I share a lot.  I love to banter and toss ideas around like a ball.  I tell my own children, "Ideas are my sport."

Yet, there's a difference between banter and substantial share, and there's a difference between substantial share meaning the size or number of shares and sharing of substance referring to the meaning and value of a share.

In my blog share, I've been writing for many audiences including myself (to cheer myself on for challenging work), my clients (families and students), my evaluators (leaders), my PLN, and every other learner out there that might profit from my error, idea, or insight.

Similarly I read and listen to the ideas and discussion of many, a diverse online and offline audience. Frankly I'm interested in the weave of ideas that permeate our world today--and I'm even more interested in those ideas that have potential for better lives and a better world.  I do believe we have work to do, and there's lots of potential for moving things forward in positive ways.  This notion has been born from my own life, a life that has profited from positive growth and change due to the efforts of many.

Recently an error that I've made is that I have felt that I had to import all of my ideas and research into my work.  Recently I tried to snowplow a big idea into a system that wasn't ready for the change.  I didn't sneak the idea in, instead I publicly and transparently researched, planned, collaborated and began the idea only to find that the idea was unwelcome and worse, criticized and scrutinized with strength forcing me to eat a huge slice of humble pie as well as to rethink my professional work and effort. Now I realize that one can research, write about, and play with big ideas without having to embed all of those ideas into current work.  Current work and big ideas can be separate at times, and your work doesn't always have to reflect all of your research and current ideas. "Practice what you preach" is a motto with integrity, but the reality is you may work in places that are not ready for the weave of your "practice" with your "preach."

This revelation, probably surprising to some, brings me a great deal of freedom for now I know that my thinking, ideas, and research can take up one thread of life while my current work can travel another thread.  When possible I'll mesh the two, but when impossible I'll write about one, and practice another until time allows the change.

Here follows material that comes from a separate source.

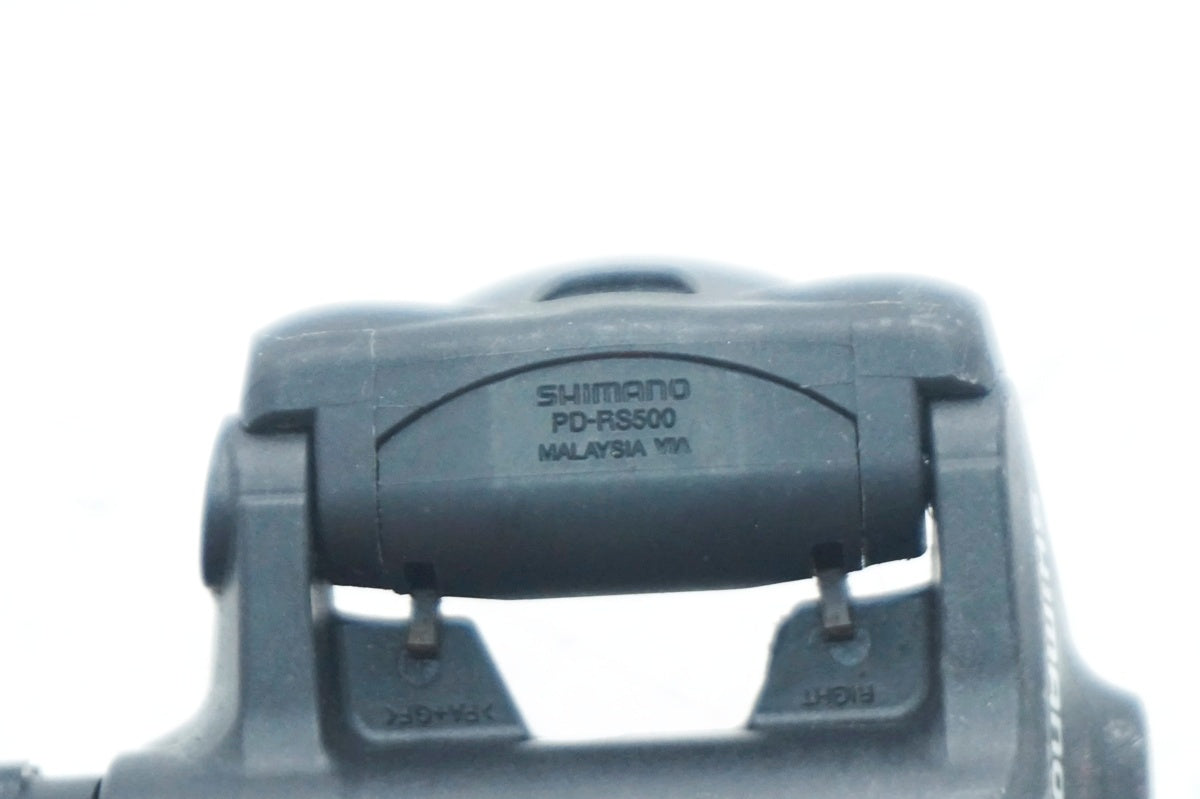 SHIMANO 「シマノ」 PD-RS500 ペダル / 大阪門真店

This brings me a sense of direction and peace.  In class, I'll innovate, embed, and practice the new and old ideas that are welcome including reading, writing, and math workshop and social studies/science unit exploration.  And in my writing, I'll continue to research and share ideas related to optimal learning environments, pedagogy, experiences, and tools.  This is a juncture where the river divides for a time, and in a sense I am traveling both streams, and that's okay.  Our day-to-day practice, work, and living may not always match our future dreams, research, and vision.  One brings the daily sustenance while the other serves as the light that leads us forward.

Thanks to my PLN near and far for sharing this important positive step in my teaching and learning life. As always, your thoughts are welcome.